The reply should be an exact repeat of the listing, with no pictures in it.
Data shown START
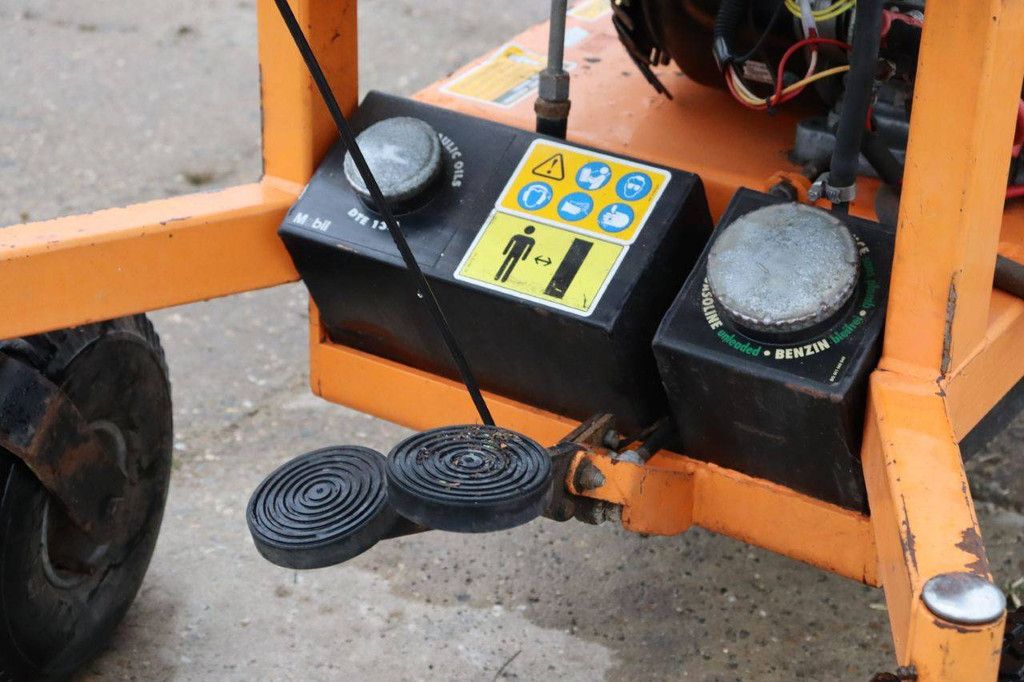 Wood Chipper Eliet Super Prof 2000 Petrol 18hp 2011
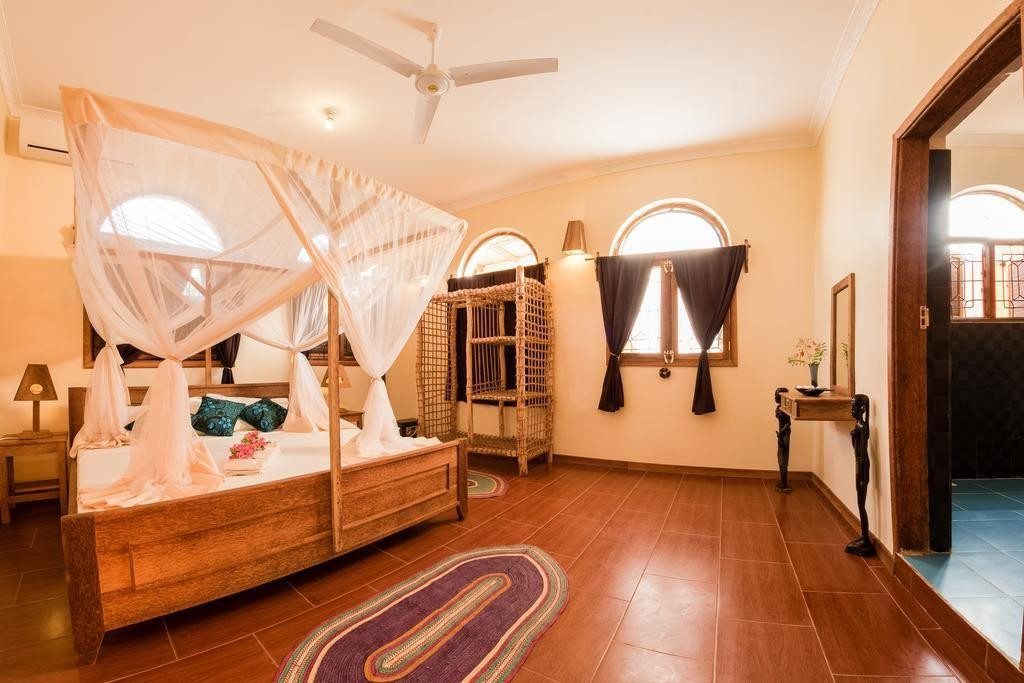 Zan View Hotel 3*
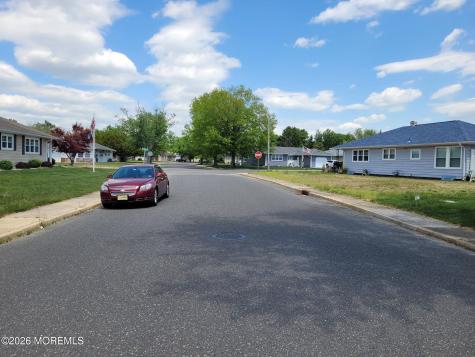 7 Le Lamentin Drive Toms River NJ 08757
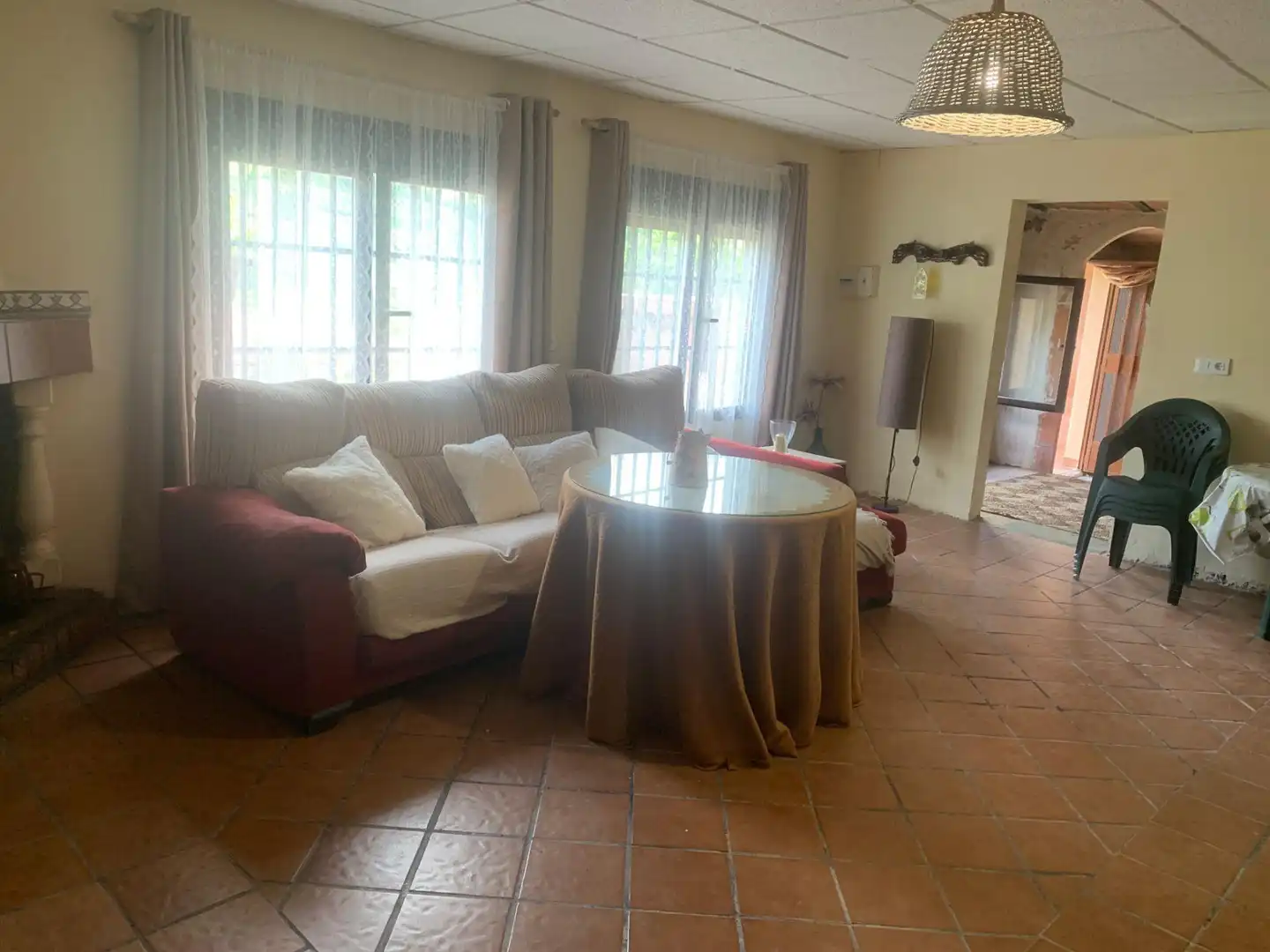 Sala de estar de Finca rústica en venta en Casas del Castañar con Calefacción y Terraza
Data shown END
- _Task output_
 Wood Chipper Eliet Super Prof 2000 Petrol 18hp 2011
 Zan View Hotel 3*
 7 Le Lamentin Drive Toms River NJ 08757
 Sala de estar de Finca rústica en venta en Casas del Castañar con Calefacción y Terraza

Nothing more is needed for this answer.